**EXERCISE REQUIREMENTS**.
The answer is the exact run of lines in the listing below from the line containing "Produktbild AOC G2460vq6" up to and including the line containing "Absolut cashmere pull Zoe", with pictures removed.

**RECORD EXTRACTS**.
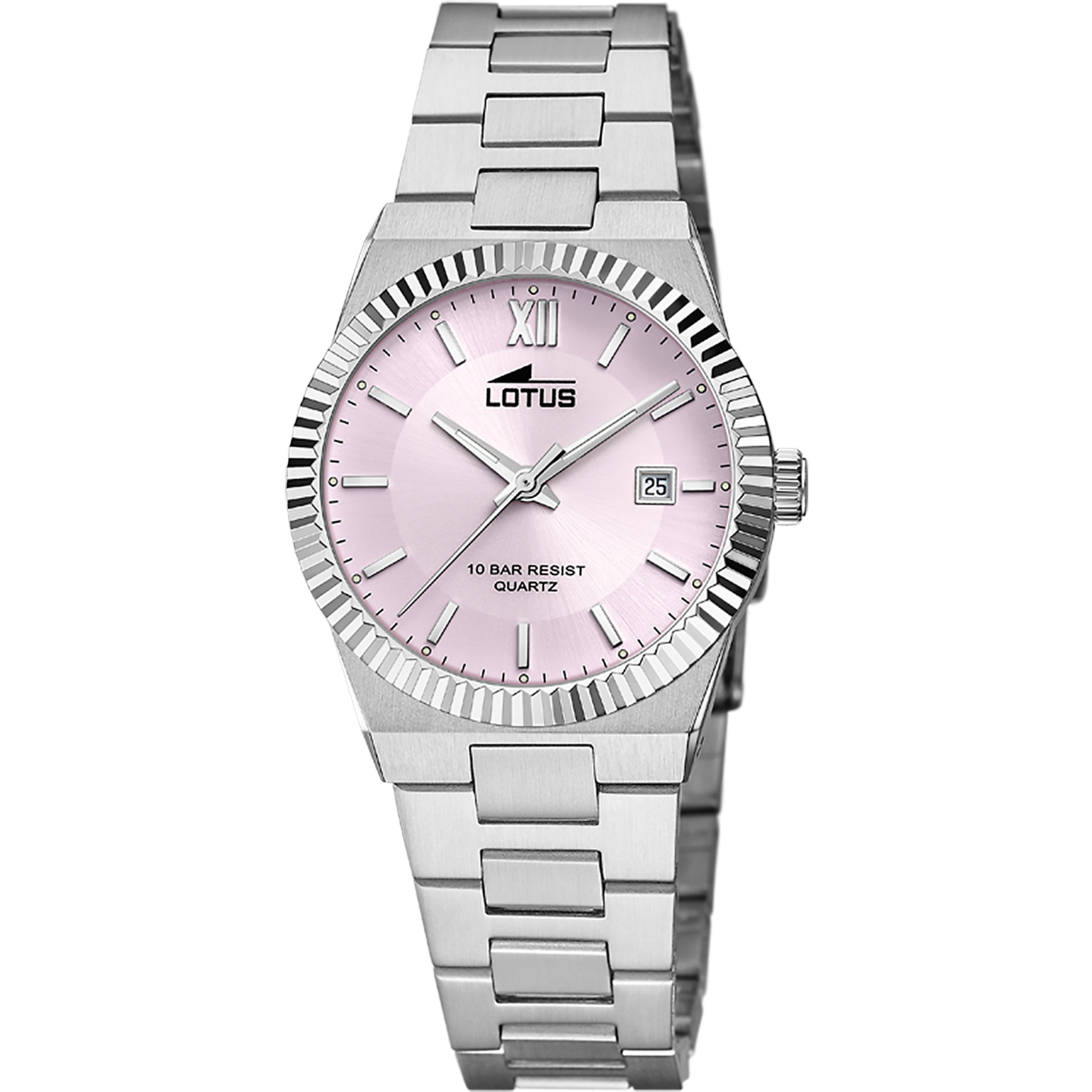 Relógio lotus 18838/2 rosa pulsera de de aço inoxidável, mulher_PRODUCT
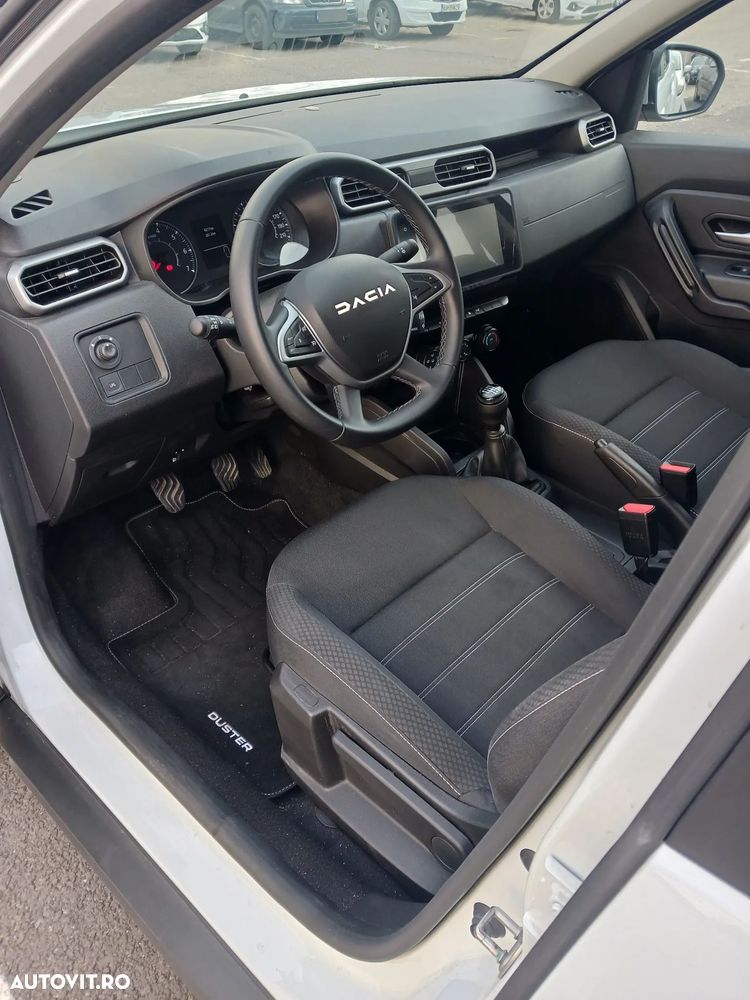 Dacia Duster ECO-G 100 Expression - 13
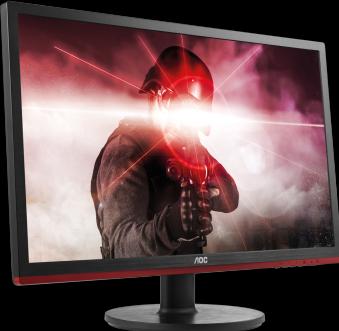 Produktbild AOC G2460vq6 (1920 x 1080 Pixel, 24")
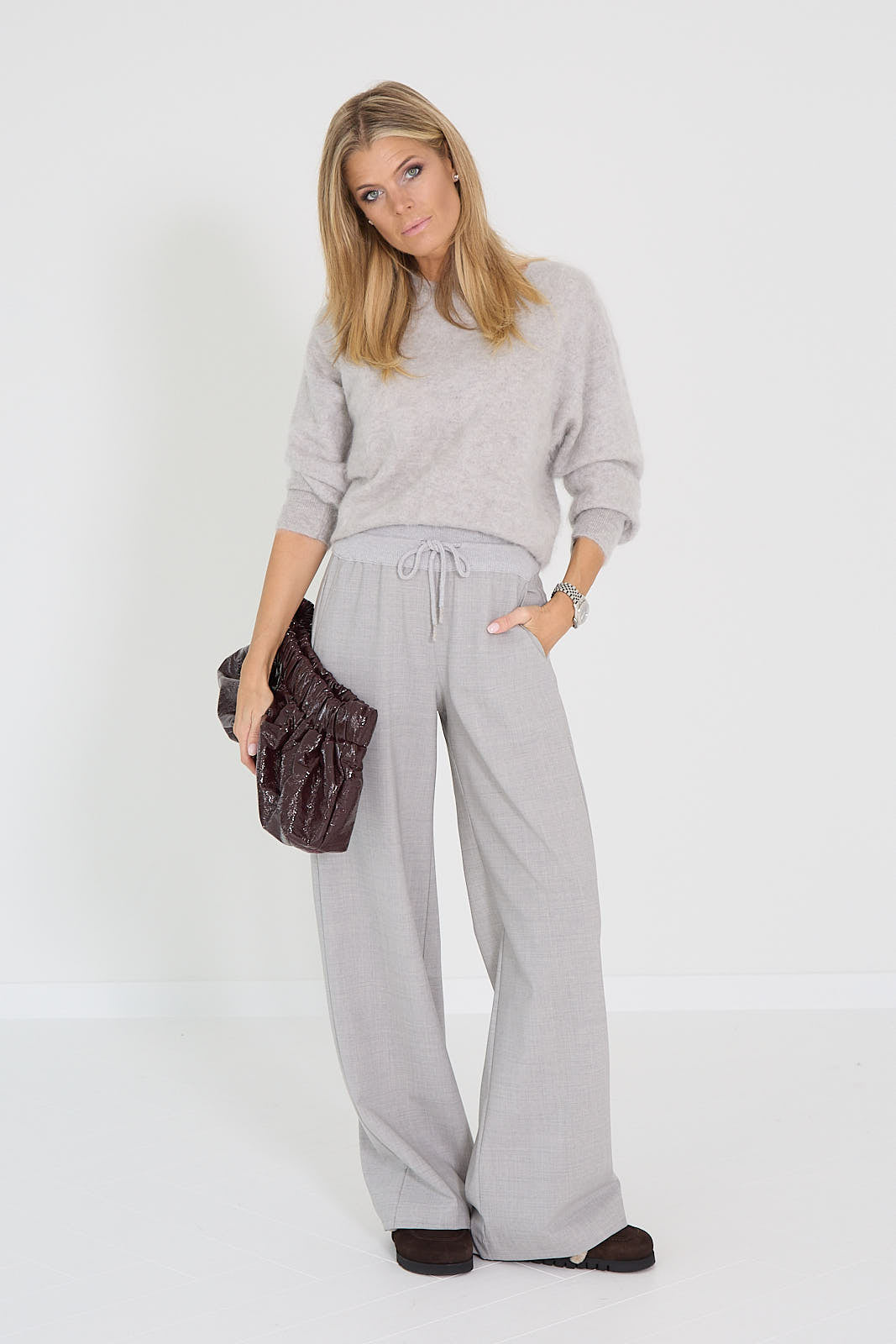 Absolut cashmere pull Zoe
* * *
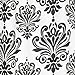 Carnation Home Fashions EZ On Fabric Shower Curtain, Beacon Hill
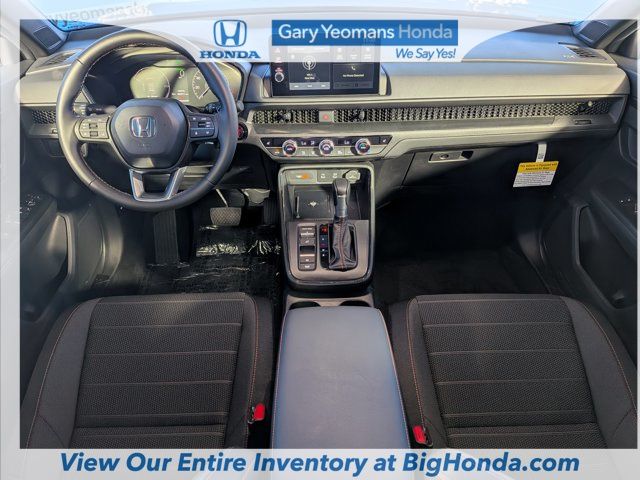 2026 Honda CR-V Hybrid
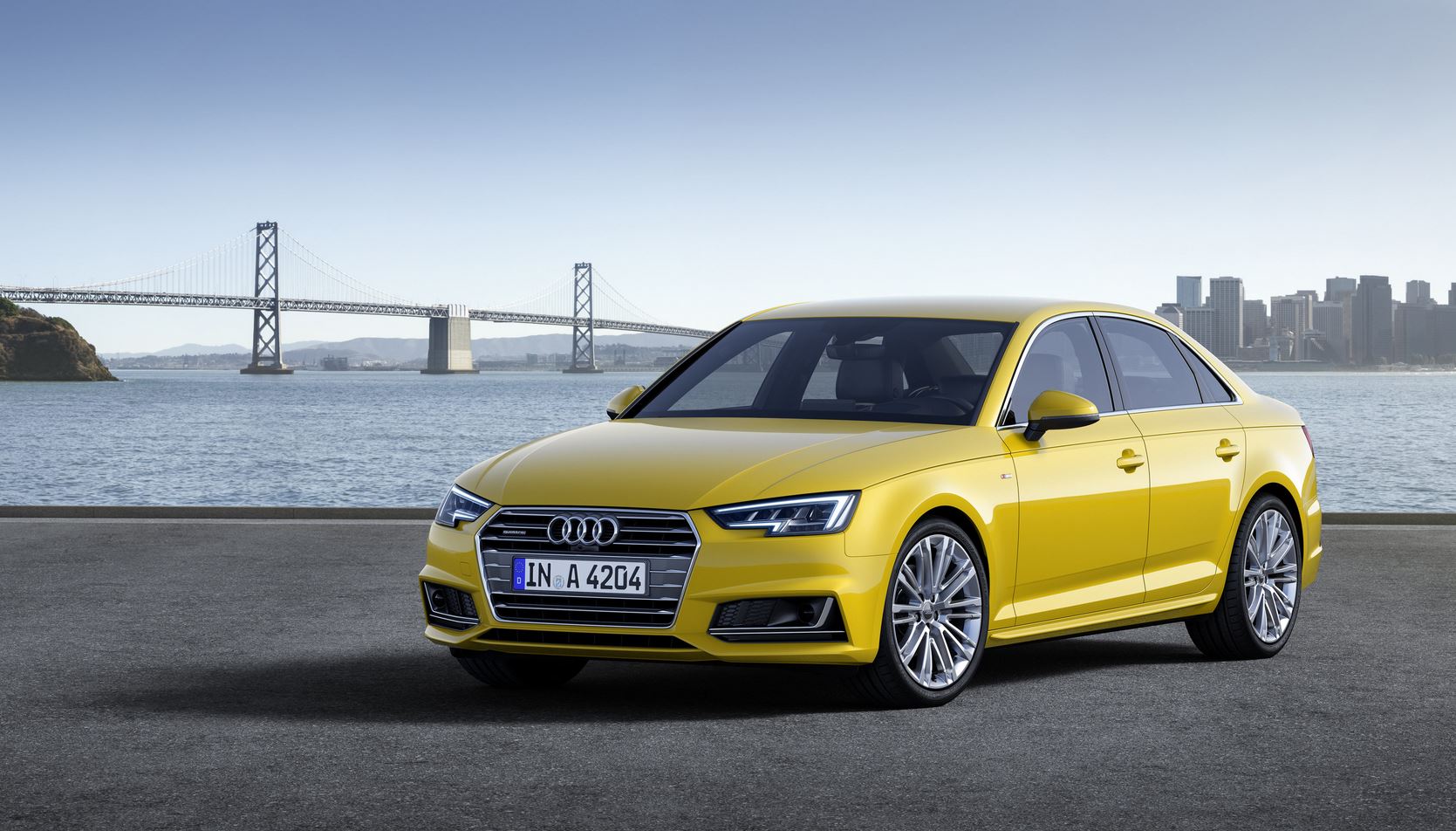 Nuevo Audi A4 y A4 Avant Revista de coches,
* * *
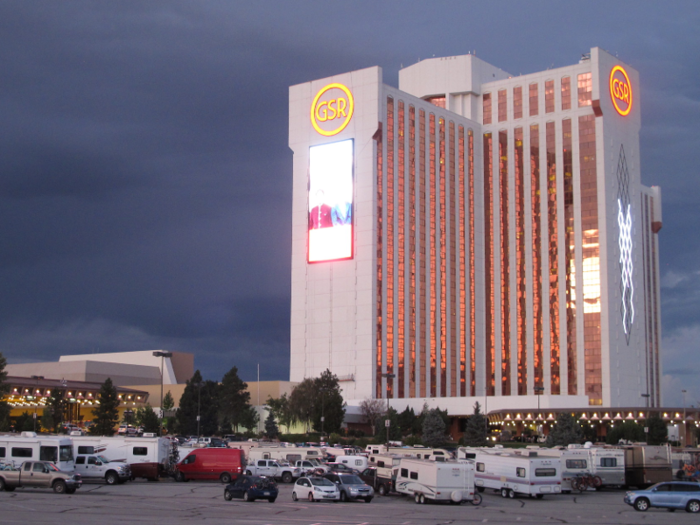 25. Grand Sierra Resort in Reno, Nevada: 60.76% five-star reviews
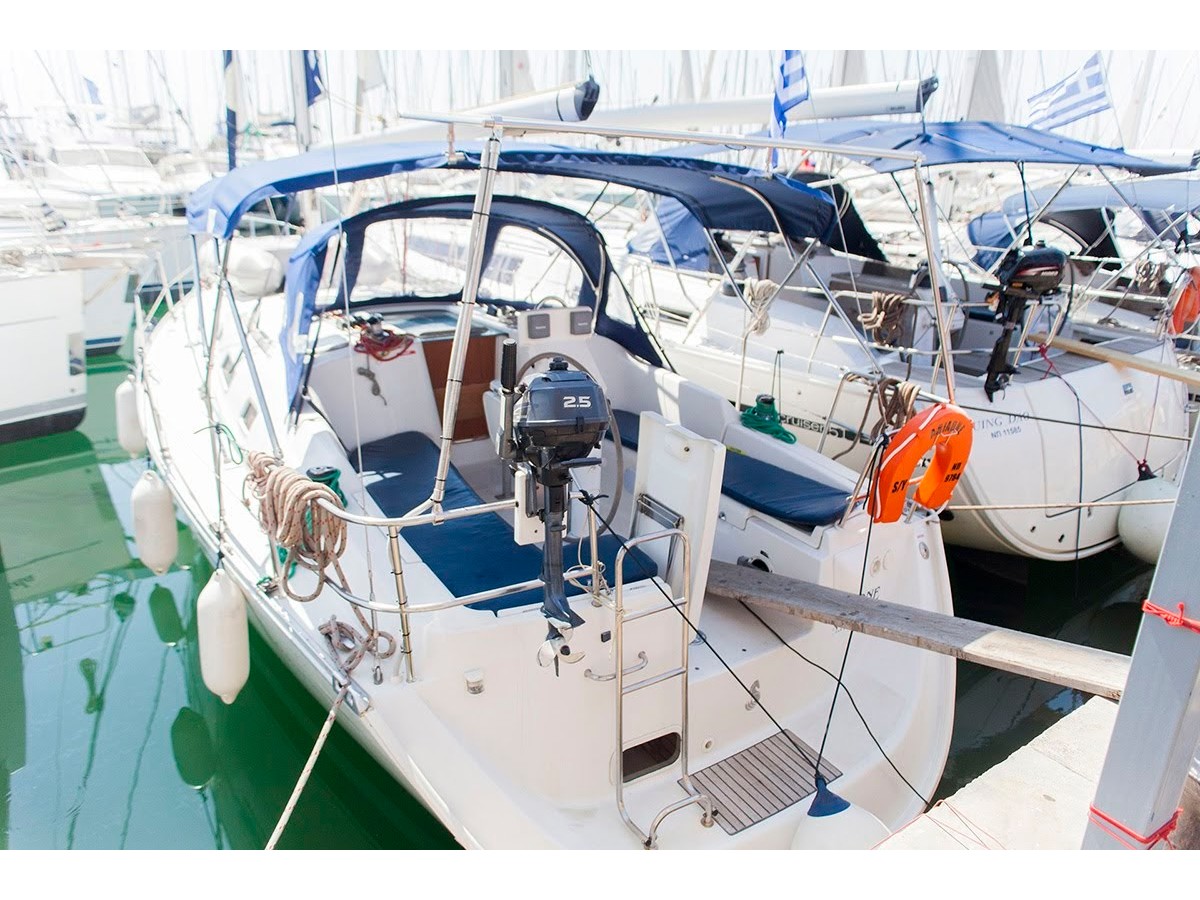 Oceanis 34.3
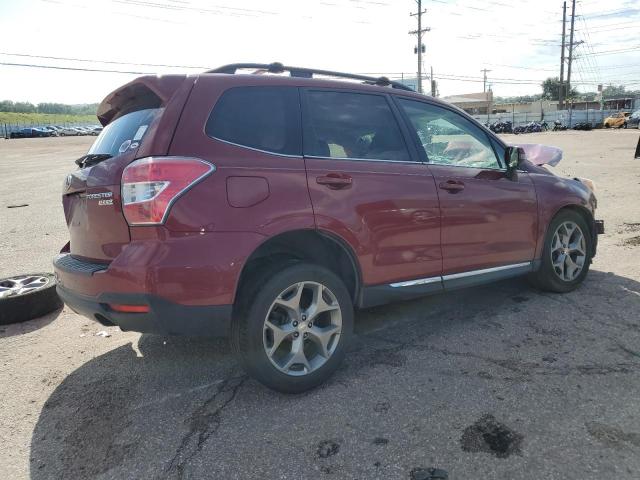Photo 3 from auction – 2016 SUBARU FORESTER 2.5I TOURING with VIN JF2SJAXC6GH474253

**SOLUTION TO THE EXERCISE**.
 Produktbild AOC G2460vq6 (1920 x 1080 Pixel, 24")
 Absolut cashmere pull Zoe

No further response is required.